Red skies in morning, sailor...

Red skies in morning, sailor…

The weather was pretty nice this past week. It gave me a chance to be outside. It was just cold enough so that I had to wear some warm gloves, a jacket and a hat. It’s a little strange to be outside when there’s not much to listen to. The occasional call from a crow or Jay may be the only birds I hear. Occasionally I may hear the loud “wik, wik, wik, “of a pileated woodpecker calling from the wooded valley. I tried, (as I always do), to spot him as he flew through the woods but I only caught a few glimpses. It was only a couple of months ago that the valley would be alive with the songs of the birds, but for now I’ll just have to listen a little closer to the world around me. Nature’s voice is there, just not so sonorous.

I was outside, splitting some firewood Monday morning, enjoying the sun on my face and getting some things done. The loud clambering of geese always gets my attention and I looked up as a flock of about a hundred Canada geese flew over my head. I could feel the excitement in their calls and I watched as they drifted off to the north. That’s when my eyes spotted something in the hanging branches of a weeping Willow Tree. At about a hundred yards away, the object looked like a gray shoe but it turned out to be the nest of a Baltimore oriole. Until recently, the nest had been hidden by a dense cover of willow leaves. The oriole has gone for the winter, but left behind a nice reminder that he was here last summer.

The female cardinal always builds the nest without help from the male.

The female cardinal always builds the nest without help from the male.

I took a little stroll around the yard and spotted several other summer bird nests that stuck out in the bare branches and bushes. There were a robin’s nest in an oak tree and two different stick nests in separate apple trees that were built by the cardinals. Or should I say cardinal, singular? It’s the female cardinal that builds the nest without any assistance from her mate.
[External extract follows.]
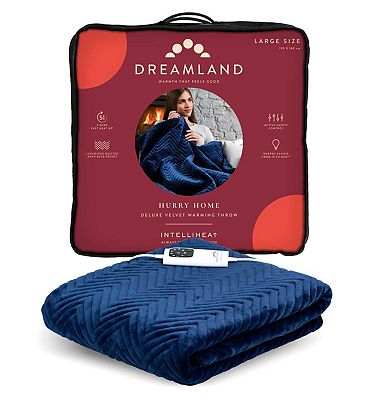 Dreamland Herringbone Throw - Navy Blue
The nests remind me that now there are only four cardinals coming to the bird feeders. Last winter there were as many as 45 at one time. It’s going to be a quiet winter, but I’m already looking forward to that spring whistle.

A tiny nest in the branches of a lilac bush was built by a pair of chipping sparrows who’d kept me company while doing garden work all summer. The lilac bush is right next to the garden but I didn’t see the little cup-sized nest until now.

The bald-faced paper wasp nest has come apart.

The bald-faced paper wasp nest has come apart.

There were a few nests that were in different stages of falling apart. Only a few sticks remained on a cedar bough, all that is left of a nest that was built by a pair of cuddly mourning doves. I was able to watch them raise their young in that nest last summer and I hope they are among the eight doves who are still here in December. Not far away, the remains of a bald-faced paper wasp nest hangs from a high limb. The woodpeckers have had their way with the volleyball-sized paper nest, leaving the wasps’ inner handy-work exposed. I saw these large black and white wasps all summer but I never was able to spot their nest until now.

Sometimes the sunrise in the Kickapoo Valley is so beautiful that I must capture the moment with the camera. It’s nice to have a visual record of a beautiful sunrise, but the spiritual moment will always be recorded in my heart. It was a good day and it ended with a sunset that would rival today’s sunrise in beauty and motivation. The snowless December landscape at mid-day is a peaceful picture of natural beauty and reminds me of the reason I’m living here.

There are about a dozen English sparrows who visit the birdfeeders each day. With so few birds visiting now, any bird is a welcome sight. They don’t seem to spend the night here even though they are welcome to spend the night in the old open shed.

The rufous-sided towhee takes advantage of sunflower seeds fallen from the bird feeder

The rufous-sided towhee takes advantage of sunflower seeds fallen from the bird feeder

I knew there was a rufus-sided towhee around because I heard his familiar two-note song, “chi-wink”. Then there he was, on the ground under the bird feeder Friday morning. He was eating sunflower seeds off the ground but didn’t venture too far from the safety of a nearby brush pile. There has been a single towhee visiting the feeders for four out of the past five years, before that I don’t recall ever seeing one here in the winter.

The deer-hunting season is over. Monday morning a pretty doe appeared in the yard. She had been drawn to the sweet scent of apples under the apple tree. I always wonder how soon I’ll see a Deer after the shooting ends. Some years it takes weeks. A fancy fat fox squirrel returned to the bird feeders today. I hadn’t seen one here since August and was still wondering where they went off to. It was a cold morning but he didn’t seem to mind. If his red-orange coat is as warm as it looks, I’m sure he’s just fine. When the little chipmunk saw the fox squirrel coming, he made a dash for the brush pile. I still find it strange to see chipmunks the first week of December.